Captioned web image data:

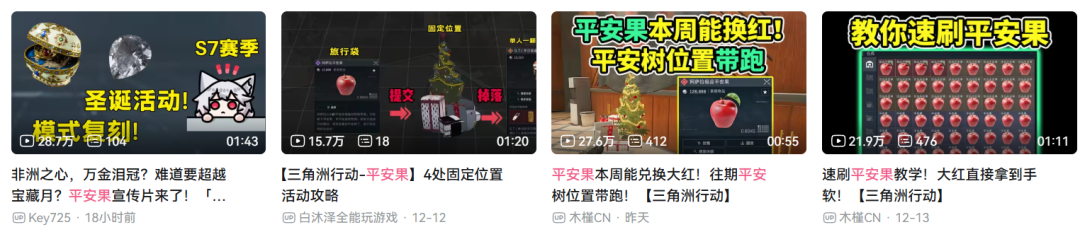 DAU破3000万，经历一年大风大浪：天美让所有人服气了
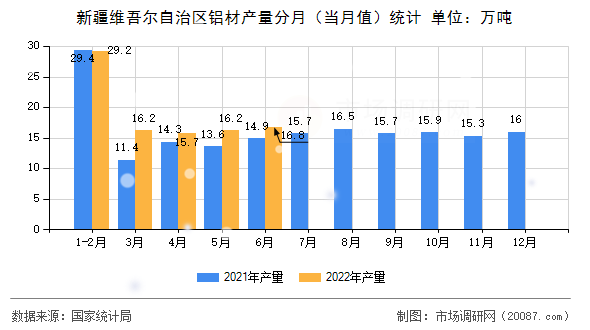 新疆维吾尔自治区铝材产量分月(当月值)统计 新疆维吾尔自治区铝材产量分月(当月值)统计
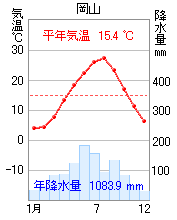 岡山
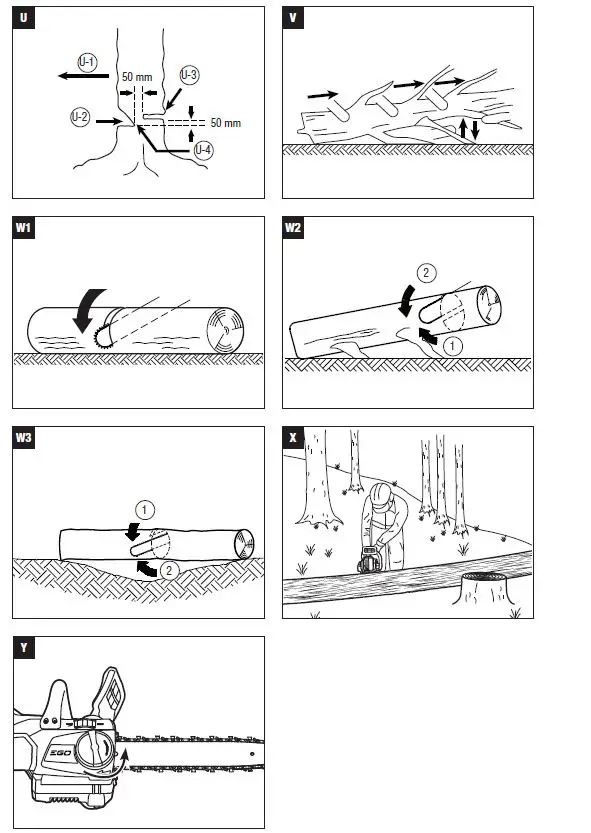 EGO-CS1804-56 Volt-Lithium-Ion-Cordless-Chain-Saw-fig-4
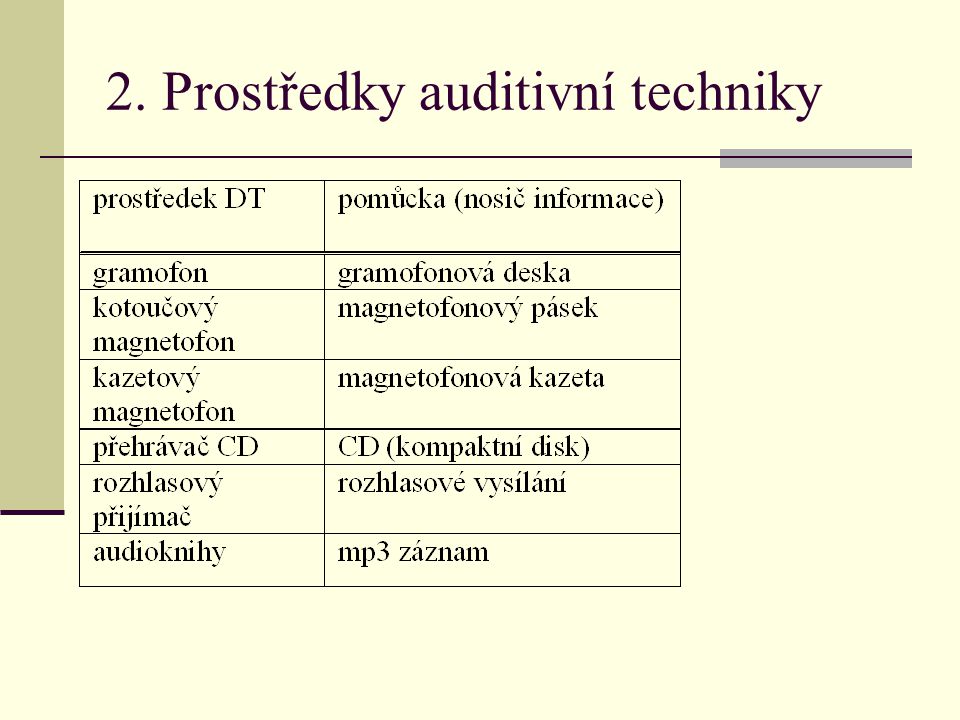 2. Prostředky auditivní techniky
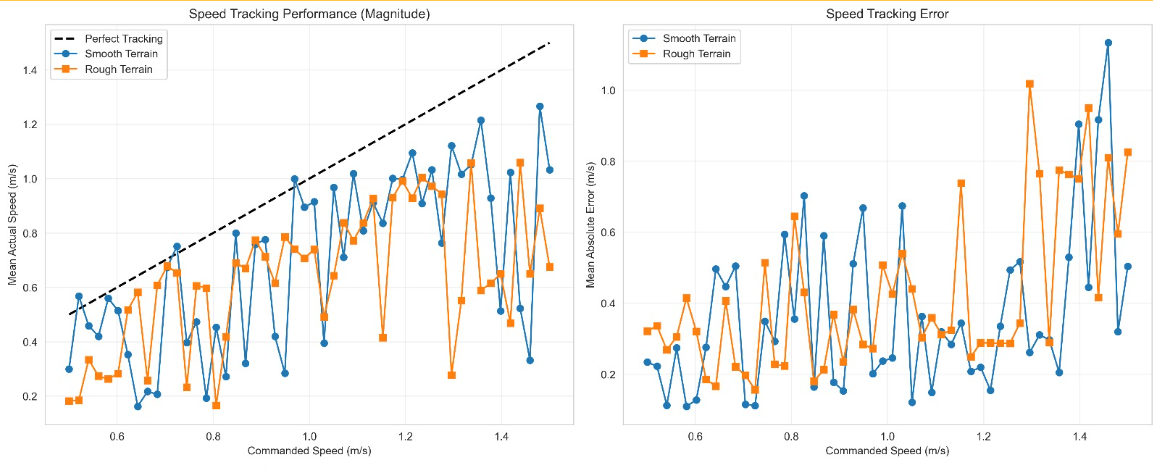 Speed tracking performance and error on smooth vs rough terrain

* Exercise: A word-for-word copy of the lines from the one with "新疆维吾尔自治区铝材产量分月(当月值)统计 新疆维吾尔自" through the last line of the data above is required, with both end lines included and no pictures.

* The answer:
 新疆维吾尔自治区铝材产量分月(当月值)统计 新疆维吾尔自治区铝材产量分月(当月值)统计
 岡山
 EGO-CS1804-56 Volt-Lithium-Ion-Cordless-Chain-Saw-fig-4
 2. Prostředky auditivní techniky
 Speed tracking performance and error on smooth vs rough terrain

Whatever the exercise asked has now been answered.